Some states calculate their taxes based on the amount of resources pulled from the ground, or the market value of the natural resource product. For example, Nevada, a western state with a busy mining industry, bases its taxes on net proceeds on the value of the minerals. Many states, including Utah and Michigan, have a severance tax on top of other taxes — including royalties and corporate income tax.

Alaska is competitive when it comes to mining, at least according to an independent consultant. James Otto, a mining tax consultant, looked at Alaska’s mining tax structure in 2008 and found the state ranked somewhere in the middle compared to other states and nations.

“Based on what he said, by looking at other countries, we’re competitive enough to entice businesses to come to the state,” said Johanna Bales, deputy director of the state’s tax division.

Loeffler, the UAA public policy professor, said that with oil and gas taxes making up the lion’s share of Alaska’s general fund, even an increase in mining taxes wouldn’t make much difference.

“It’s not crucial for the state’s budget, but it’s crucial for local budgets,” he said.

He noted some of Alaska’s largest mines make up the majority — if not all — of the tax revenue in local economies. Kensington and Greens Creek are two of the Juneau Borough’s largest taxpayers. Fort Knox gold is the single-largest tax payer in the Fairbanks North Star Borough and the Red Dog Mine is the sole taxpayer in the Northwest Arctic Borough.

‘Is this right?’

State Rep. Paul Seaton, R-Homer, has tried to introduce numerous bills to update the mining tax structure since he took office in 2002.

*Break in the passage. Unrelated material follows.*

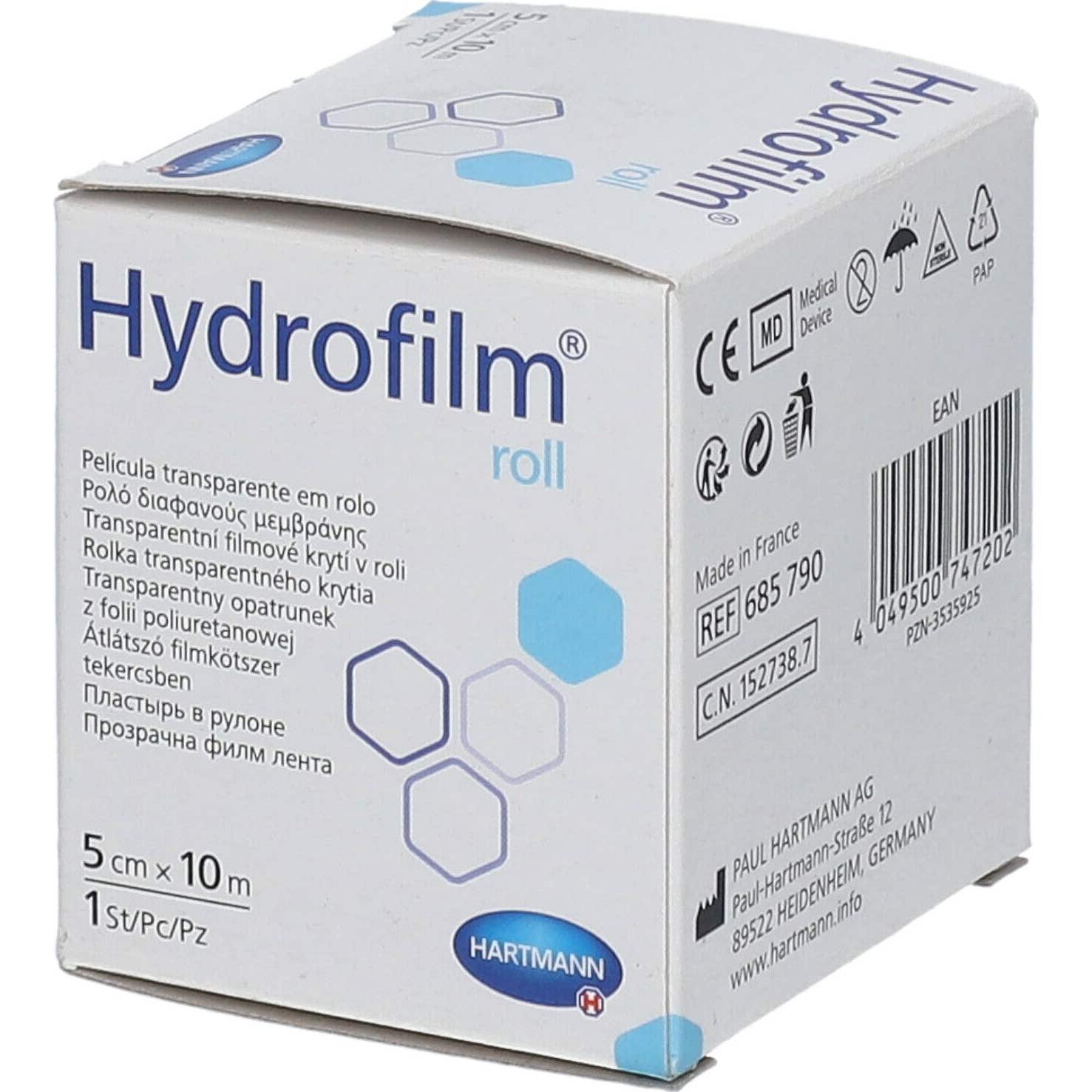 Hydrofilm Roll Apósito Estéril 5cmx10m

A self-described “rock hound” who lists one of his hobbies as lapidary — the art of shaping stones into jewelry, Seaton floated legislation in 2007 that would have increased the current rates by 2 percent per income bracket and added a marginal tax bracket for profits over $1 million to be taxed at 11 percent. The bill would have exempted mines that make under $100,000 from paying the mining license tax. The bill made it out of the Alaska House Finance Committee in 2008, but has since stalled.

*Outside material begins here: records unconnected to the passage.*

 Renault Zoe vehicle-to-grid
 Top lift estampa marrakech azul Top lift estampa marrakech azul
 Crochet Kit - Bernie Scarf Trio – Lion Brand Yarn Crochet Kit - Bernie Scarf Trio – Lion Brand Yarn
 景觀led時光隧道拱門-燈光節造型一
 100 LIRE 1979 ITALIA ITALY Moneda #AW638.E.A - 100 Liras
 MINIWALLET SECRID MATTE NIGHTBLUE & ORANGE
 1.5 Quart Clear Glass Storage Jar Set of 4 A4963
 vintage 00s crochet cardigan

Seaton said he took on the issue as a proactive measure, not as something pressing for his constituency, though he does note it was interesting that mining, a non-renewable resource, was taxed less than fishing, a renewable resource.

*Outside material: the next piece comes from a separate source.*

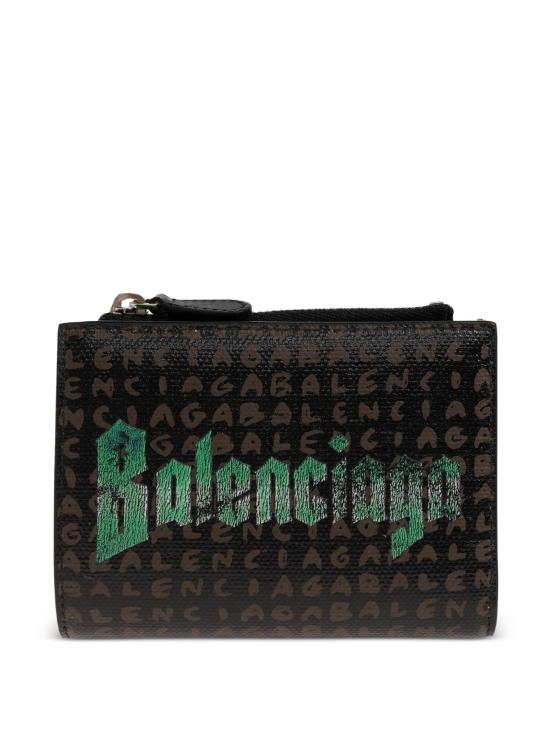 26FW 발렌시아가 남성지갑 A000Z32ACQ2 6039 BLACKGREEN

“I looked at the revenue source book and look at the value of minerals extracted from Alaska, and saw such a small amount of money Alaska gets from that,” he said. “It’s one of things that you have to scratch your head and wonder is this right?”

Seaton said he has no immediate plans to try to revive the bill. From a policy standpoint, he thinks it’s a good idea to make changes as the state looks to diversify revenue streams. But with only a small number of mines and only a few with any sort of prospects on the horizon, the issue isn’t pressing.

“Sometimes people have a constituency that’s clamoring for something,” he said. “That’s not the case here.”

Would tax overhaul stifle production?

Proponents of the current tax system say it’s working just fine and that increasing taxes would only stifle production in a far-flung state where natural resource development is already expensive.

Deantha Crockett, president of the Alaska Miners Association — the organization that represents miners across the state — said much of the state’s mining resources are hard to get to, building infrastructure is expensive, and finding skilled workers a challenge. Also, mines take enormous amounts of energy to run. Crockett pointed out that the Fort Knox gold mine near Delta Junction had a $4 million power bill in August 2012.

“If mining was much more lucrative, there would be a lot more mines,” said Karen Matthias, managing consultant for the Council of Alaska Producers. “It’s not a high-margin business.”

Still, even some industry officials agree that one giant mine could change the outlook on taxes.

The proposed Pebble mine, with its estimated 80.6 billion tons of copper and 107.4 million ounces of gold, would by far be the largest mining prospect in Alaska’s mining history. And if it ever gets developed, Alaska’s tax structure will most come under scrutiny.

“If Pebble comes online, we are definitely going to see a hard look and a possible change to the tax structure,” Crockett said. “Pebble, being on state land, could be a huge contribution to the economy.”